# REQUIREMENT:
Beginning with the line where "Suite Em Gramado, Proxima" appears, repeat every remaining line of the entries exactly, the last line included.

Start of MATERIALS PROVIDED

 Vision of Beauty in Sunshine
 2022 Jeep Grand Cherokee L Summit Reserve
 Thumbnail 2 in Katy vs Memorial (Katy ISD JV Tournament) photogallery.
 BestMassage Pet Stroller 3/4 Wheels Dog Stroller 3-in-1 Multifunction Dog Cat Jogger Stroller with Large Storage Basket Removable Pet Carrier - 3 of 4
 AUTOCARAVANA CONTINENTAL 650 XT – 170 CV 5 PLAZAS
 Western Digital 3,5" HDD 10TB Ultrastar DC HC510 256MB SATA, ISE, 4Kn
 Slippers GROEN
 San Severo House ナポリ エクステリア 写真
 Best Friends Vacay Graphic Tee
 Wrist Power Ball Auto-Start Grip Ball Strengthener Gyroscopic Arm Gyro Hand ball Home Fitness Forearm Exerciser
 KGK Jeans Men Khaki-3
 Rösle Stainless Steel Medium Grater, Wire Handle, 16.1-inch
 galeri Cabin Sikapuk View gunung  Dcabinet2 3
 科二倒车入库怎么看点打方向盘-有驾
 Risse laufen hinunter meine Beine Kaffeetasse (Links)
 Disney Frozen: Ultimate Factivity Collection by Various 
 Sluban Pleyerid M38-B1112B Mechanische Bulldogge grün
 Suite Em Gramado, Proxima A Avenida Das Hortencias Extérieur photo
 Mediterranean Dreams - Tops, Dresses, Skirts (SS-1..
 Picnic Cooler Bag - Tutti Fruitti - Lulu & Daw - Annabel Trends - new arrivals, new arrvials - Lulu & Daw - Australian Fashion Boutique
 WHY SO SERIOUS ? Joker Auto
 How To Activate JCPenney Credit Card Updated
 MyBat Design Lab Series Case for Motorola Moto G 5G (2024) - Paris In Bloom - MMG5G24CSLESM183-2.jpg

End of MATERIALS PROVIDED

# ANSWER TO THE EXERCISE:
 Suite Em Gramado, Proxima A Avenida Das Hortencias Extérieur photo
 Mediterranean Dreams - Tops, Dresses, Skirts (SS-1..
 Picnic Cooler Bag - Tutti Fruitti - Lulu & Daw - Annabel Trends - new arrivals, new arrvials - Lulu & Daw - Australian Fashion Boutique
 WHY SO SERIOUS ? Joker Auto
 How To Activate JCPenney Credit Card Updated
 MyBat Design Lab Series Case for Motorola Moto G 5G (2024) - Paris In Bloom - MMG5G24CSLESM183-2.jpg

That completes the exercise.